* _Task_:
An exact copy of the lines from the top of the data through the line with "Printed Missale Meum" is what you should give, with no pictures in it.

* _Material supplied_:
'''
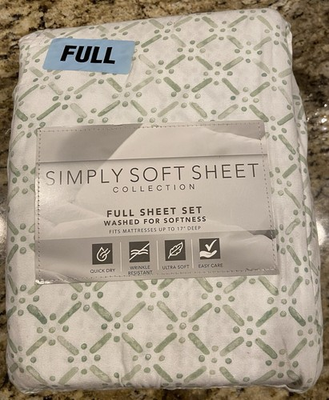 #ad Simply Soft Collection Full Double Sheet Set 4 Piece Green $28.00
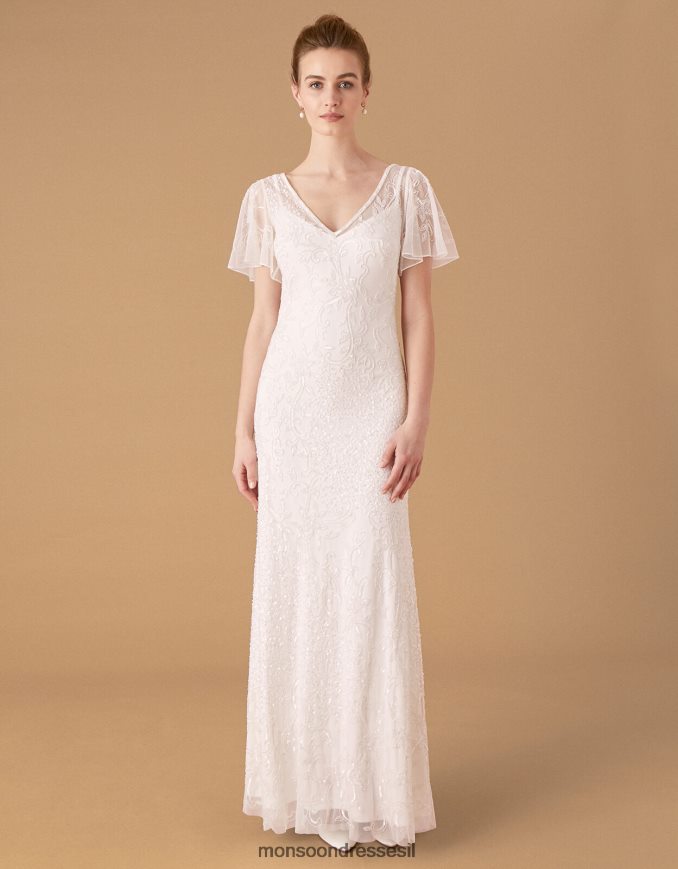 הַלבָּשָׁה Monsoon שמלת כלה עם שרוולים מתנפנפים מעוטרת בקיטי שֶׁנהָב נשים HTJ0TZ1160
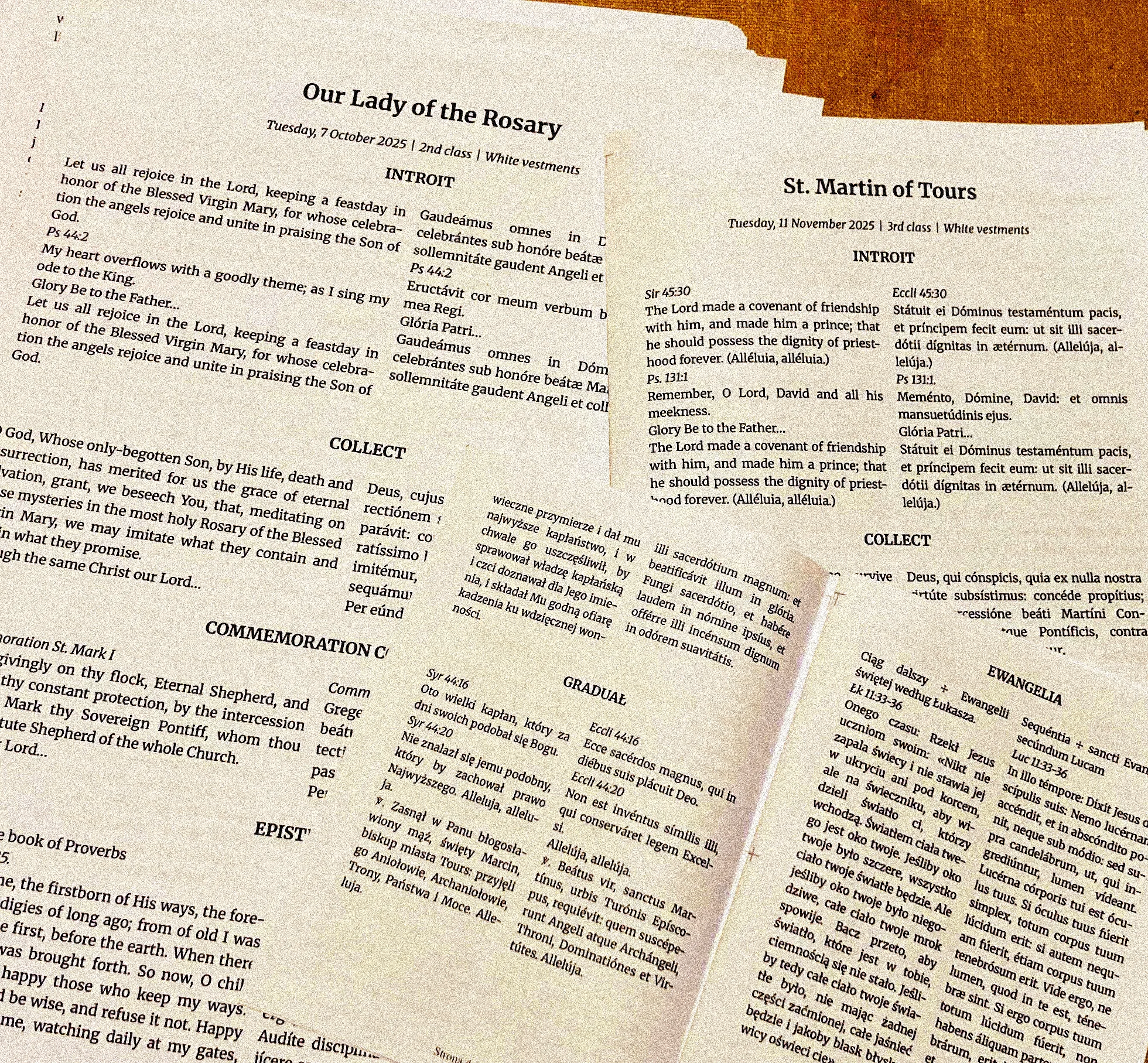 Printed Missale Meum booklet produced from the PDF download
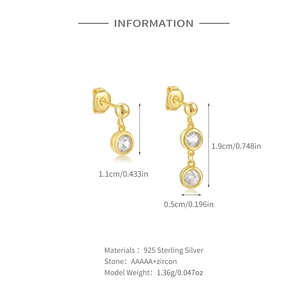 Detailed view of S925 sterling silver asymmetrical zircon tassel earrings in gold plating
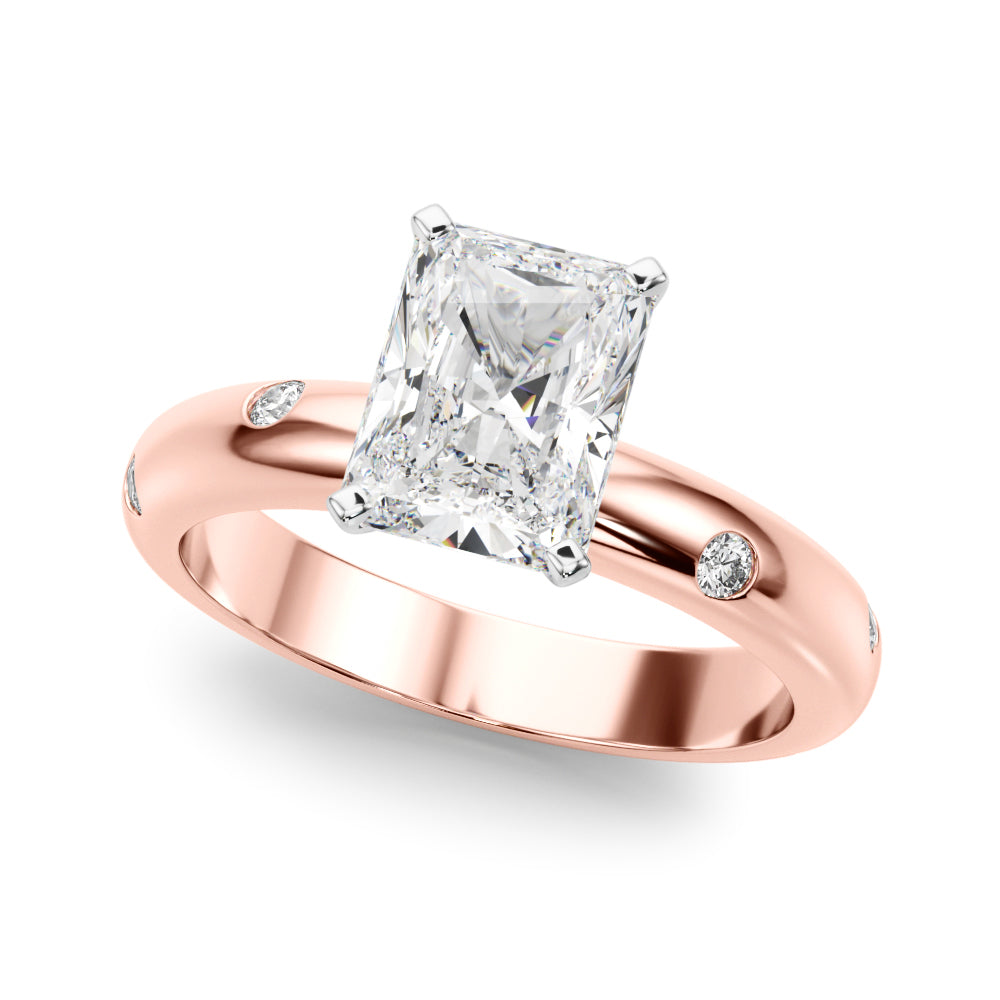 Lustrous Bands Straight Round Diamond Engagement Ring — 9K/18K Gold & Platinum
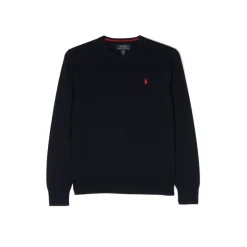 Niebieski sweter z haftem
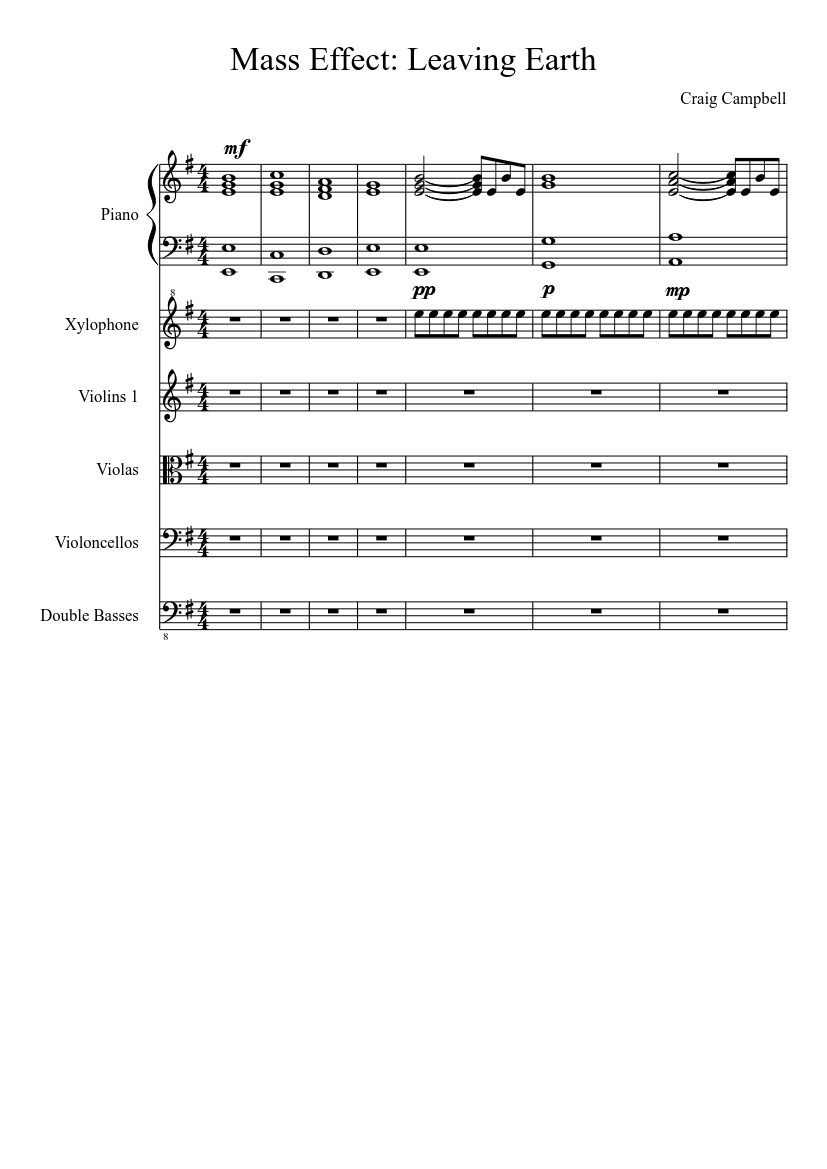 Mass Effect: Leaving Earth (In Progress Sheet music for Piano (Solo) |  Musescore.com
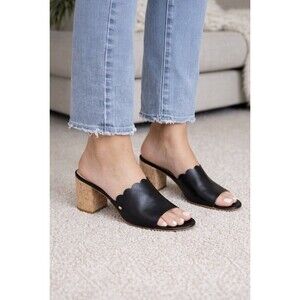 Kate Spade "Warren" Black Scallop Leather Sandal 10 Quiet Luxury Coastal Preppy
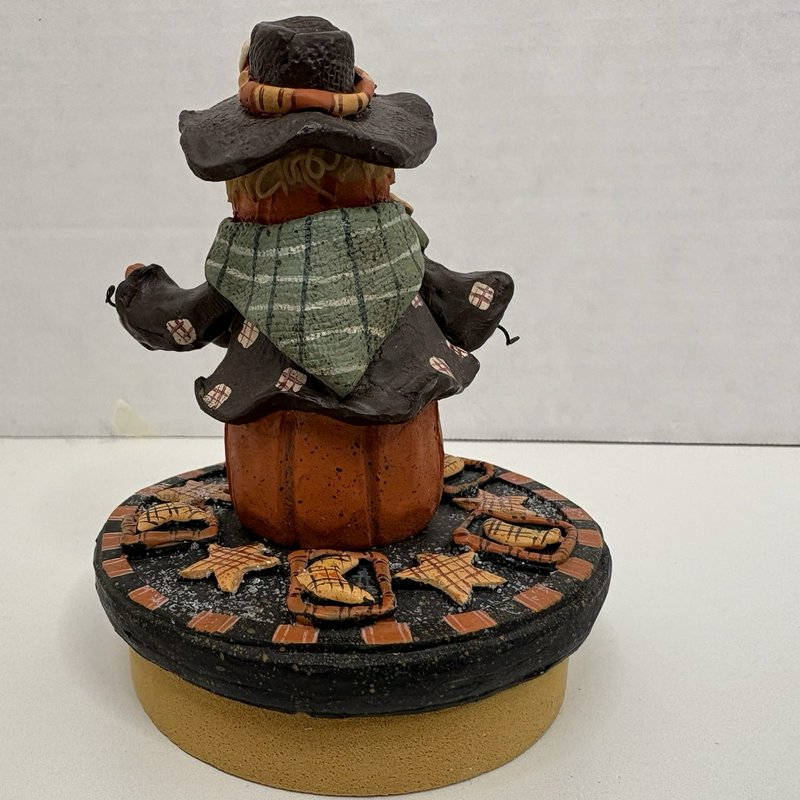 Lot of 2 Candle Toppers – Pumpkin Scarecrow (Crazy Mountain) & Fall Farmhouse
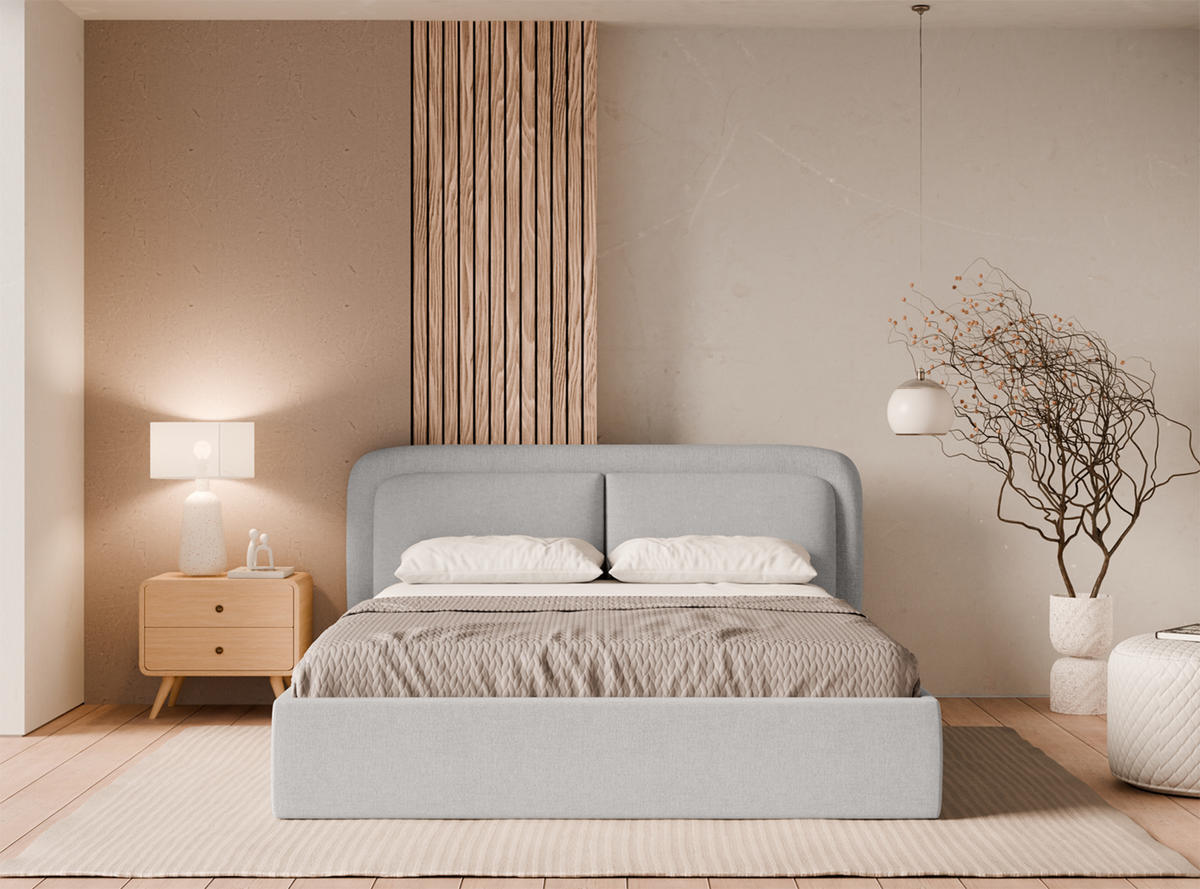 POLSTERBETT Skalo 180x200 cm, Taupe - Taupe, Textil (180/200cm) - Fedve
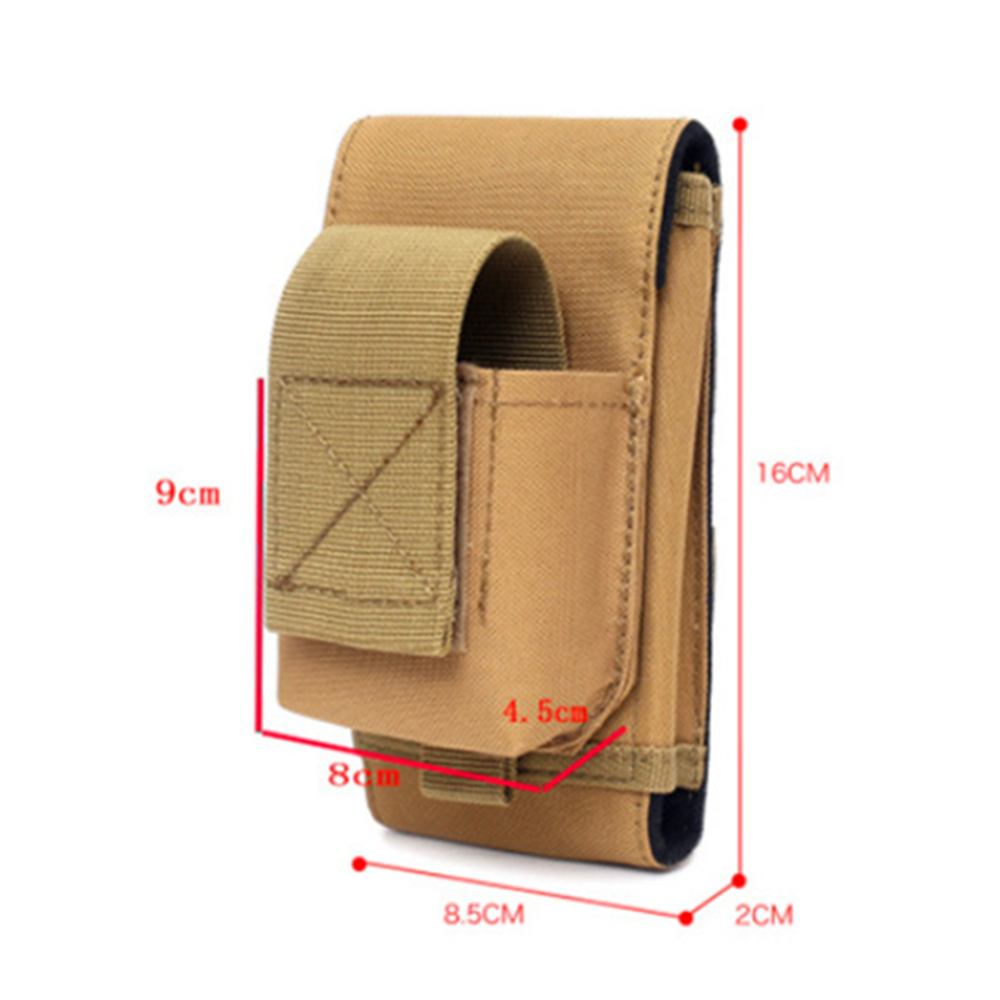 Tactical Molle Phone Pouch with Cigarette Bag 6.5in Smartphone Holder Case Utility EDC Gear Bag Compact Waist Fanny Pack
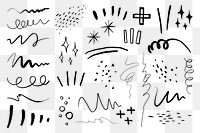 Abstract scribble lines png sticker set, transparent background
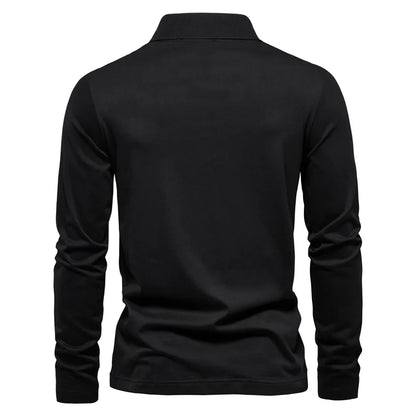 Brand Long Sleeve Men's Polo Shirts 100% Cotton Solid Color Casual Polo Shirts for Men New Sping Autumn Basic Polos Men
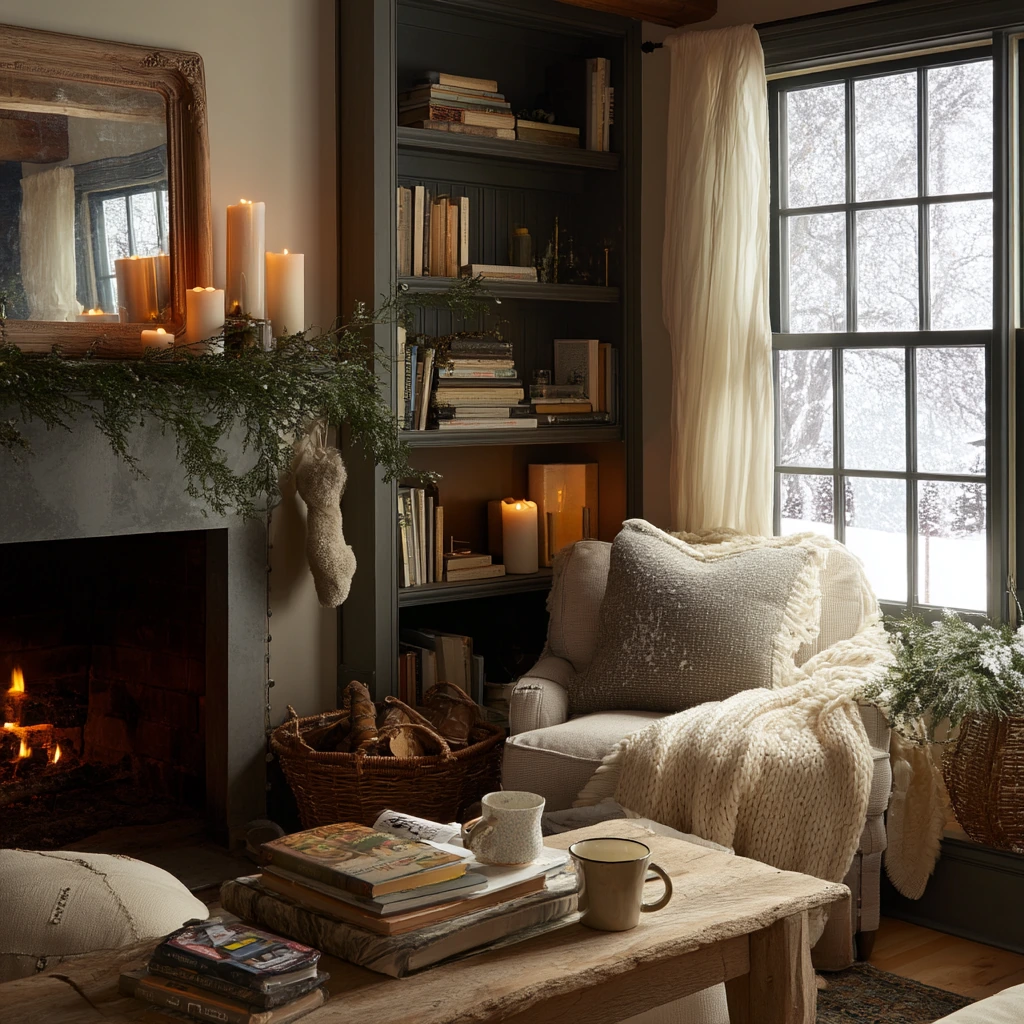 Cozy Winter Hearth with Layered Decor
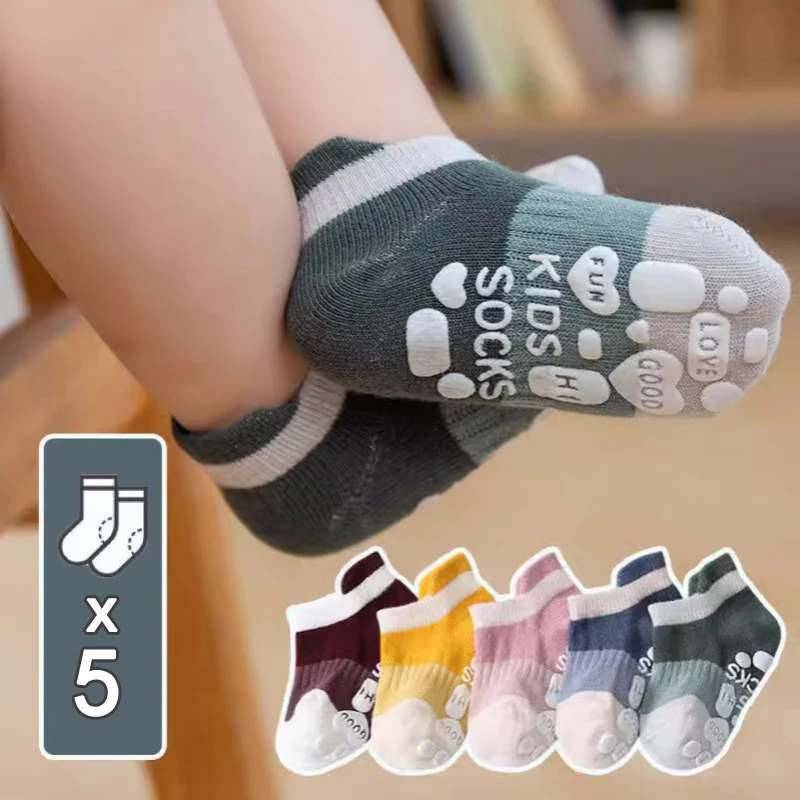 Baby Anti Slip Socks Solid Stripe Girls Boys Newborn Kids Rubber Floor Sock Infant Cotton Mesh Socken 5Pairs/Lot cotton anti slip socks cotton socks baby socks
'''
* _Exercise response_:
 #ad Simply Soft Collection Full Double Sheet Set 4 Piece Green $28.00
 הַלבָּשָׁה Monsoon שמלת כלה עם שרוולים מתנפנפים מעוטרת בקיטי שֶׁנהָב נשים HTJ0TZ1160
 Printed Missale Meum booklet produced from the PDF download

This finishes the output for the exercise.